Paradox isn’t exactly an everyday word though most of us dabble with it on regular basis. A statement that contradicts itself while actually being true is a paradox. For example: Less is more; letting go in order to get back; and the whole is greater than the sum of its parts. Many of these paradoxes have been thrown around so much that they are clichés.
If you want to partake of the high-dollar paradoxes, look no further than what saturates the Bible. It’s chockfull of contradictions that are God-inspired to turn on the lights in our hearts and minds to effectively live with purpose.
One of the more popular paradoxes in the Bible concludes the parable of the Workers in the Vineyard that Jesus told to kick off the 20th chapter in Matthew. Jesus’ final statement of that parable is in his paradoxical hall of fame when he said in verse 16, “So the last will be first, and the first will be last.”

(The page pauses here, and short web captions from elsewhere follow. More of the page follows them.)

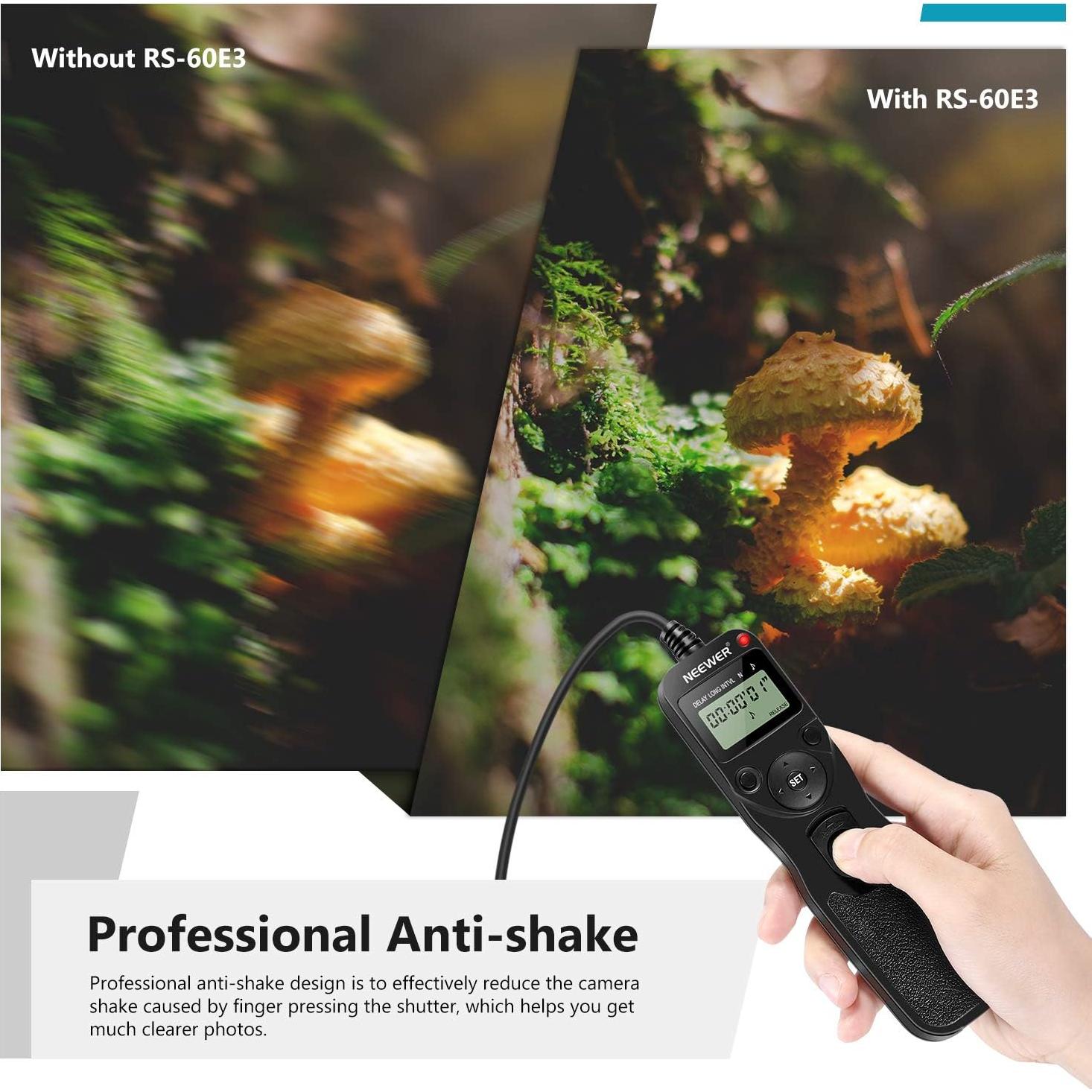 Control Remoto Neewer para Canon y Pentax con Temporizador LCD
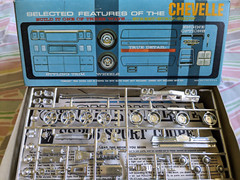 L@@K! **RARE *ORIGINAL VINTAGE AMT 1968 CHEVY CHEVELLE SS 396 KIT *SUPER C@@L!
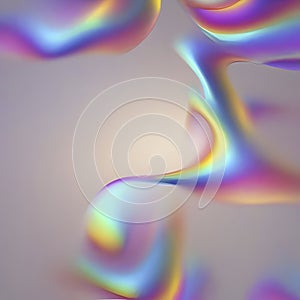 Rainbow color gradient graphic background, color gradient illustration. AI-Generated.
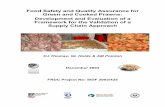 Food Safety and Quality Assurance for Green and Cooked ... · (APIA) Code of Practice for food safety and shelf life across the supply chain for cooked prawns as a model for crustacean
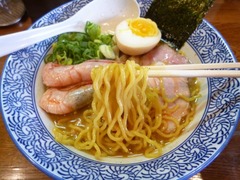 麺屋169_濃厚えび出汁味噌らーめん(麺)_201809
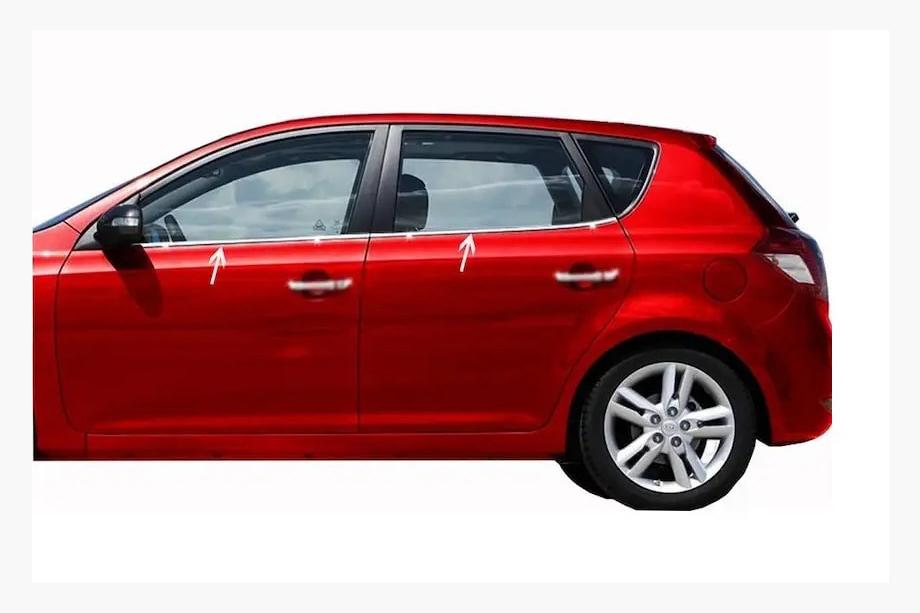 Opel Astra K 2016-2021 гг. Окантовка окон Нержавейка Верх↗Низ Фото 10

God’s Word also contains such hallmark paradoxes as humility leads to ultimate exaltation and our strength in God occurs when we come to terms with our weaknesses.
My personal favorite Biblical paradox – and believe me, this is almost like me having to pick my favorite child because I equally love both my daughters to pieces – is just three words: Giving to receive.
This may appear to be a “duh” for anyone that’s been a Christian for some time, let alone a preacher’s kid like myself turned staff pastor at my church. After all, arguably the most popular verse in the Bible is John 3:16 … Many of us can recite that from memory as easily as tying our shoes or punching in the code to gain access into our smartphones.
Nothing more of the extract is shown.